Frage an Christian Lindner von Stephan W. bezüglich Soziale Sicherung
Sehr geehrter Herr Lindner,
(auch) seitens der FDP sind bei Diskussionen zur sozialen Gerechtigkeit fast ausschließlich Steuern das Thema. Die sogenannten ´Sozialversicherungen´ werden praktisch ausgeblendet, obschon die mit über 360 Milliarden Euro allein an Beitragsaufkommen weit größer sind als der Bundeshaushalt.

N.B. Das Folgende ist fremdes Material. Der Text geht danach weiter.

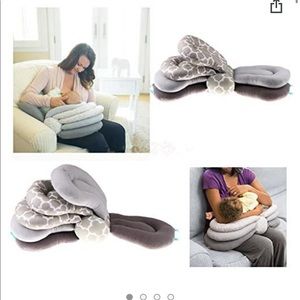 Elevate Adjustable Nursing/Breastfeeding Pillow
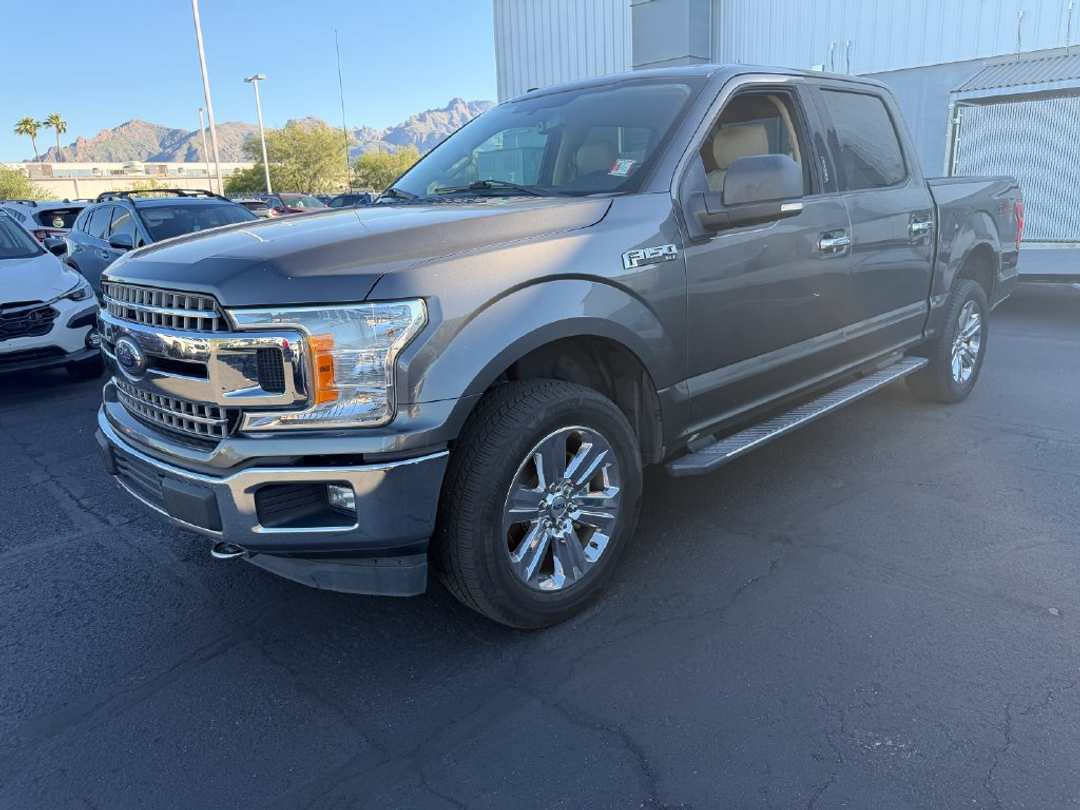 2018 Ford F-150 XLT - Image 3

Die Gesamtbelastung eines durchschnittlich verdienenden Arbeitnehmers lag bereits 2006 um 40% über dem OECD-Durchschnitt. Und es wird immer schlimmer. Ein Beispiel: was bleibt von Gehaltserhöhungen? Wenn ein Arbeitgeber für einen Single mit ca. 3.100 Brutto 120€ mehr investieren kann, gehen 40% SV-Beiträge weg und damit mehr als Steuern (38€) darauf. Angesichts solcher Zahlen ist es inakzeptabel, die Fehlentwicklungen in den SV-Systemen weitgehend (mit Ausnahme der Gesundheitspauschale) zu ignorieren und allein auf die Steuern abzustellen..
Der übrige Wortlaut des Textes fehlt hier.